Journal of Combinatorics

Volume 8 (2017)

Number 3

Guest Editor: Steve Butler (Iowa State University)

Multi de Bruijn sequences

Pages: 439 – 474



Glenn Tesler (Department of Mathematics, University of California at San Diego)


We generalize the notion of a de Bruijn sequence to a “multi de Bruijn sequence”: a cyclic or linear sequence that contains every $k$-mer over an alphabet of size $q$ exactly $m$ times. For example, over the binary alphabet $\lbrace 0, 1 \rbrace$, the cyclic sequence $(00010111)$ and the linear sequence $000101110$ each contain two instances of each $2$-mer $00, 01, 10, 11$. We derive formulas for the number of such sequences. The formulas and derivation generalize classical de Bruijn sequences (the case $m = 1$). We also determine the number of multisets of aperiodic cyclic sequences containing every $k$-mer exactly $m$ times; for example, the pair of cyclic sequences $(00011)(011)$ contains two instances of each $2$-mer listed above. This uses an extension of the Burrows–Wheeler Transform due to Mantaci et al., and generalizes a result by Higgins for the case $m = 1$.

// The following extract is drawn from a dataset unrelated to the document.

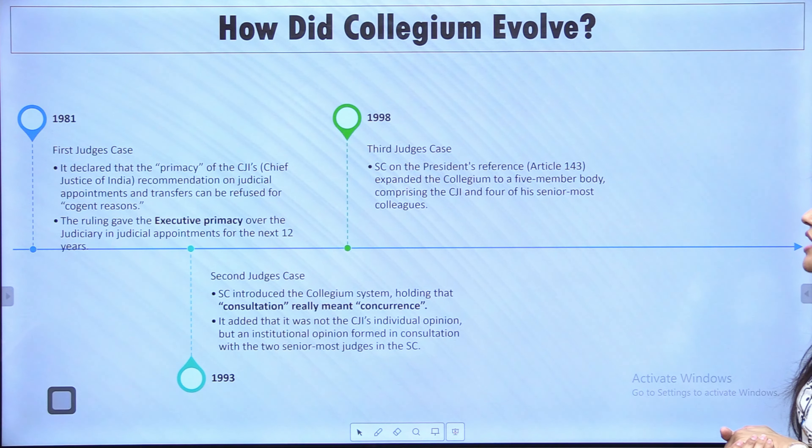In 1998, the Third Judges Case arose when the Supreme Court, on the President's reference under Article 143, expanded the collegium to a five-member committee — comprising the Chief Justice of India and the 4 most senior Supreme Court judges, expanding from the earlier three-member collegium.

multi de Bruijn sequences, de Bruijn graphs, Extended Burrows–Wheeler Transform, Lyndon words, Eulerian graphs

2010 Mathematics Subject Classification

Primary 05C30, 68R15. Secondary 05C38, 05C45, 05C81, 68P30.

This work was supported in part by National Science Foundation grant CCF-1115206.

Received 16 August 2016

Published 21 June 2017